Method of Combining Stimuli

Each VOW sequence was combined with an AUD sequence at an equal sound intensity by first calculating the rms level of the VOW sequence and then adjusting the rms level of the AUD sequence to the same level. All sequences of one specific VOW type had very similar rms levels, however, they did vary slightly among VOW types. The overall presentation level of the combined VOW and AUD sequences varied between 62 and 65 dB. For two listeners, the presentation level was increased by another 5 dB to ensure a comfortable listening level. Each sound sequence was combined with a VIS sequence—thus stimuli of all three types (VOW, AUD, VIS) were present on all trials (Figure 2). Targets, when present, were only present in one sequence—the one to which listeners were instructed to attend.

Visual stimuli were displayed by a Christie video projector on an MRI-compatible screen at the head of the scanner bore, which was then projected onto a mirror situated approximately 90 mm from the eyes.
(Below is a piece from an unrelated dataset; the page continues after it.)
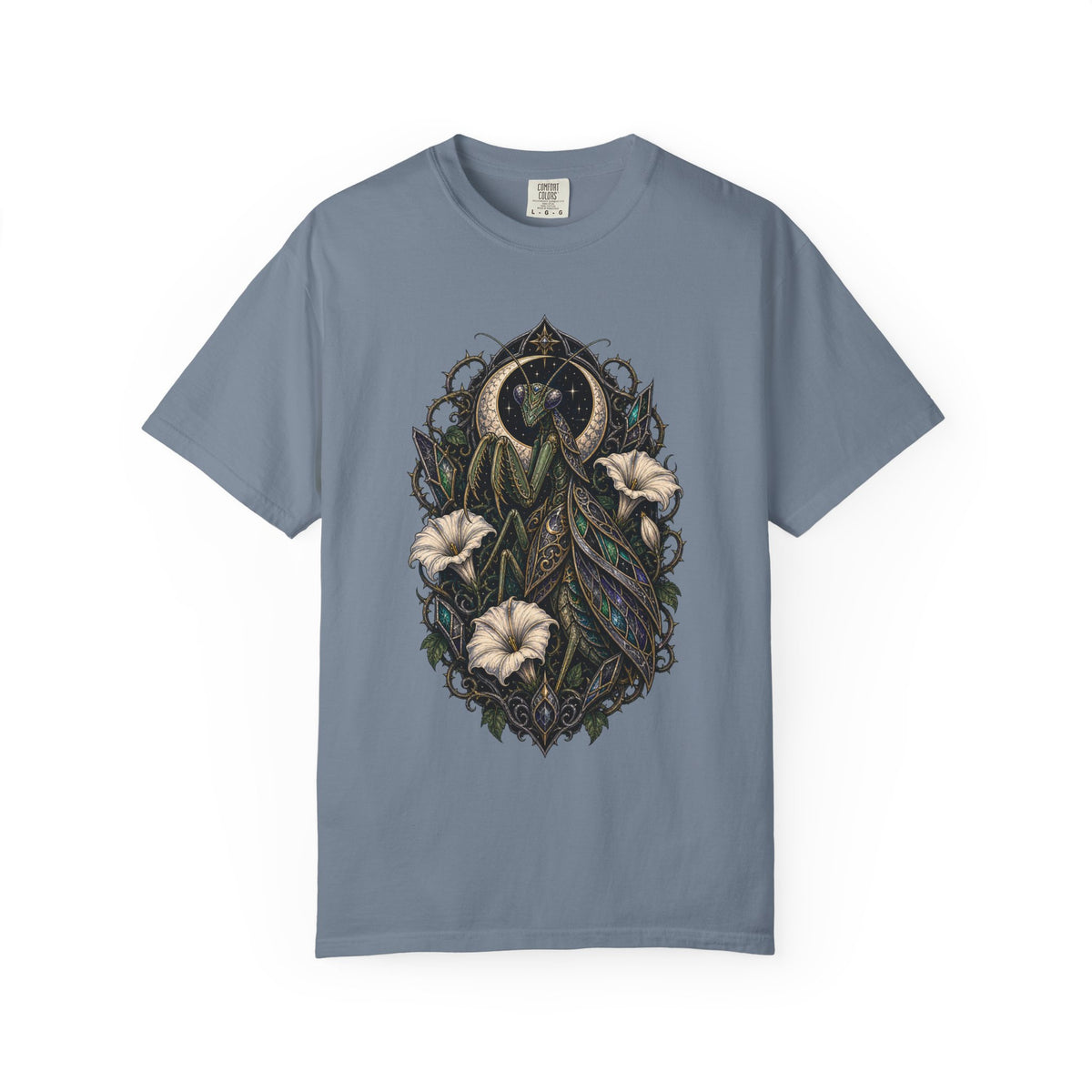 Gothic Moonflower Mantis T-Shirt Graphic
The full-screen display subtended a visual angle of 16.7°. Auditory stimuli were presented diotically using Nordic Neuro Labs (NNL) electrostatic headphones which have a relatively flat frequency response up to at least 8 kHz, and which passively attenuate background (i.e., imaging system) noise by approximately 30 dB.

Procedure

We used a sparse-imaging technique (Edmister, Talavage, Ledden, & Weisskopf, 1999; Hall et al., 1999), in which stimuli were presented in the silent intervals between successive scans. In each trial, a 300-msec silent pause was followed by an 8.4-sec stimulus sequence. This was followed by another 300-msec pause and then a 2-sec image acquisition period, for a total repeat time (TR) of 11 sec (Figure 2). A visual cue word for the next trial was presented in the 2-sec image acquisition period of the preceding trial. The cue told participants to which stimulus sequence they were expected to direct their attention in the upcoming trial. The cue word “quiet” instructed participants to listen to the VOW stream, and monitor for two consecutive attenuated stimuli. The cue word “depart” directed listeners' attention to the auditory distracter stream (AUD) in order to detect departing noises among a sequence of approaching noises. Lastly, the cue word “broken” instructed listeners to direct their attention to the visual stream (VIS) and to look for ellipses with broken lines. Listeners were instructed to press a button (with their right index finger) each time they perceived a target. In the case of vowel targets, participants were instructed to press the button only once in response to perceiving two consecutive attenuated vowels. For noise and visual stimuli, participants were asked to indicate the occurrence of every target in the sequence. Only one out of eight (12.5%) of the attended sequences contained targets, and targets were never present in unattended sequences.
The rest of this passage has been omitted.